In years past, I was a subway-taker, like everyone else in Manhattan who doesn’t have a driver. (This is most people, though in Manhattan, Those Who Are Chauffeured must be counted.) I had to admit to myself awhile back that even though the people-watching and the idea of the subway is cool to me, the actual subway makes me claustrophobic and neurotic. At least once per ride, I think of a skyscraper sighing down into the ground the moment I’m barreling underneath it and !squish! bye-bye Mary and everyone else who just wanted to go see a movie or whatever.

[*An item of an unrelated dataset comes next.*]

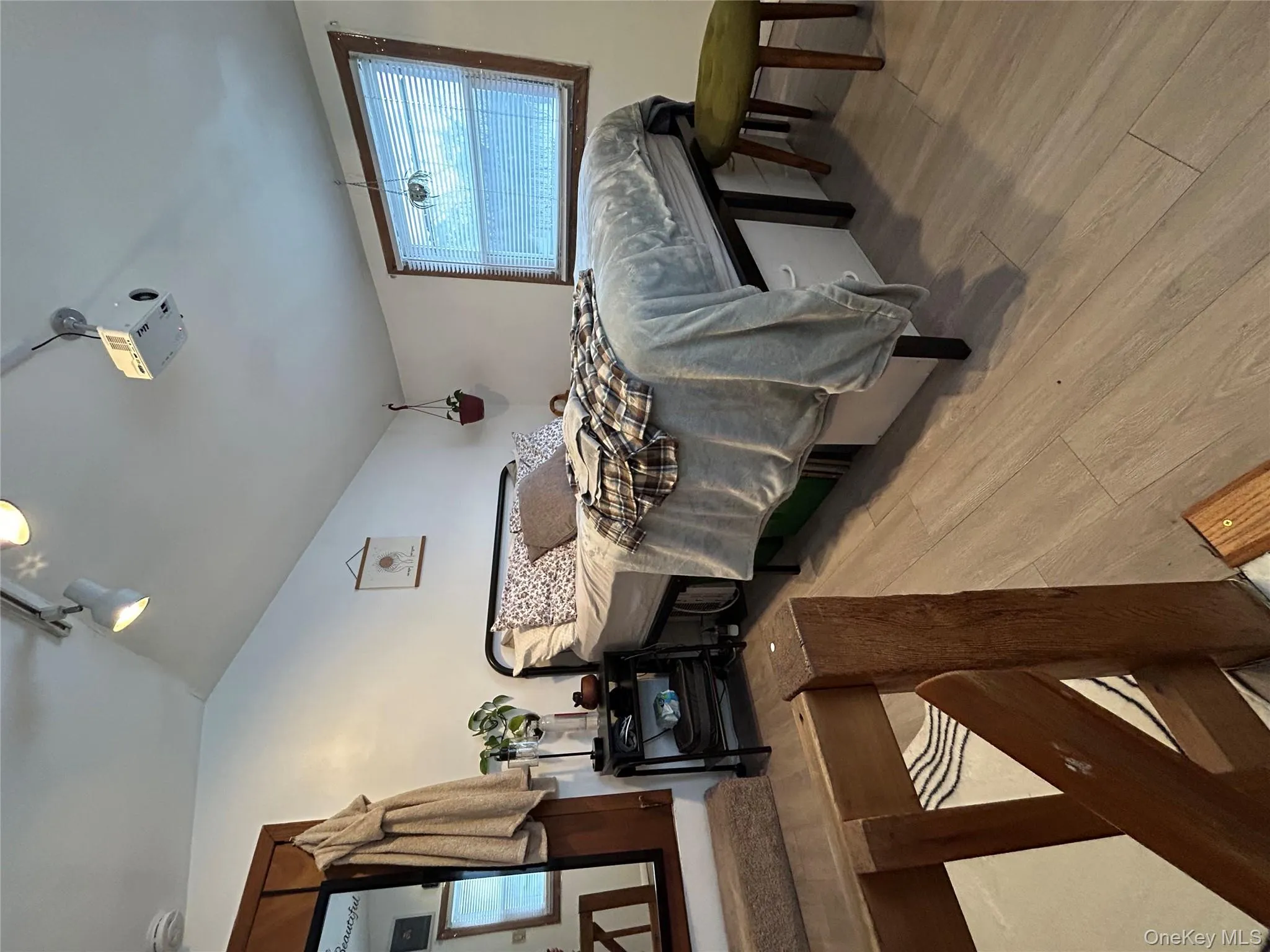 Upper level Bedroom Upper level Bedroom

The other trouble with the subway in a city so intricate as New York is that I would descend into a hole and pop up out of another hole and miss the geography of the place. It’s hard for me to get the lay of the land that way; I need to knit together the streets, the blocks, the neighborhoods. As my main mode of transport is now the Citibike, this is solved. I am understanding this place in a way I never have before. And yes, I wear a helmet. You just have to wear one.

So back to Afro Man.

I like to wear heels. I’m the shortest in my family, so I took to wearing heels years ago and now it’s just a rule. I also like to be girly and fancy. I ride my bike in heels, too. Not all of my shoes are appropriate for this, but my knockin’ around town heels are. They even have little nubbly things for traction.

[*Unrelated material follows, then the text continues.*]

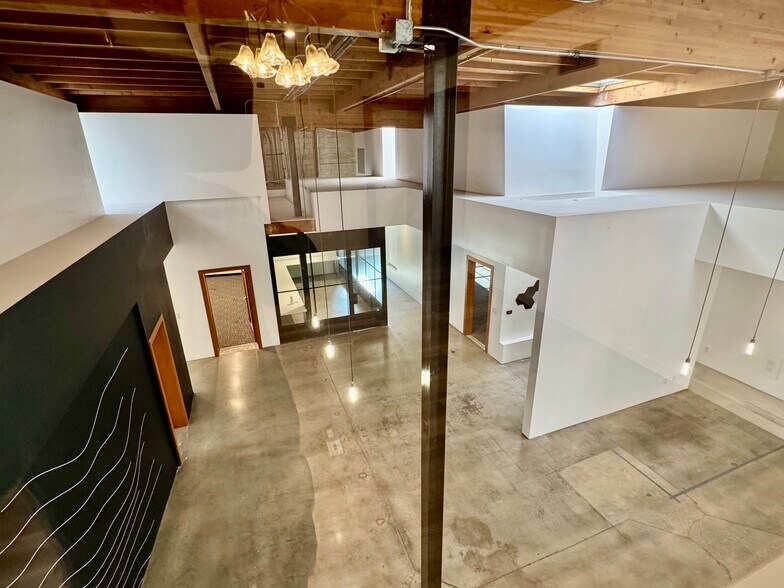 More Photos Of 1648 10th St, Santa Monica Loft Creative Space For Sale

As I hopped onto a Citibike to go to the store for farmer’s cheese, I swung my leg up over the saddle of my horse-slash-bike, and my be-heeled feets began to push the pedals. I went about a half a block and slowed for a car to pass when the aforementioned large man with the aforementioned large afro called out to me from the sidewalk.

“High heels on a bike!” he whistled. “That’s the most amazing thing I’ve seen in New York City so far!” He laughed and shook his head.

I laughed, too. “You haven’t seen much yet,” I called after him, and rode away.



True Story Update: New York So Far

posted in: New York City 3
Impossible, beautiful, dangerous to walk in -- just like New York! Keith Haring shoe, Nicholas Kirkwood, 2012.
Impossible, beautiful, dangerous to walk in — just like New York! Keith Haring shoe, Nicholas Kirkwood, 2012.

I had lunch with a born-and-raised, lifelong New Yorker yesterday. He asked me how I was getting along.

“You seem a little ambivalent in your blog,” he said. “I can’t tell if you’re warming to the city or not.”

We were eating sushi in a restaurant only a local would know about, one of the best sushi bars in Manhattan, as it turns out, tucked away deep in Soho. There might have been a sign on the heavy wooden door, but I didn’t see one when I pushed it open.

“Oh, I’m great! It’s great!” I chirped. “I love it here!” That’s the truth, too. In no way has my New York City life truly begun yet, but the hunk of molded clay has at least been dropped onto the wheel. It will begin to take shape, if you’ll tolerate me extending that lame clay metaphor.

But then my lunch date spooked me a little.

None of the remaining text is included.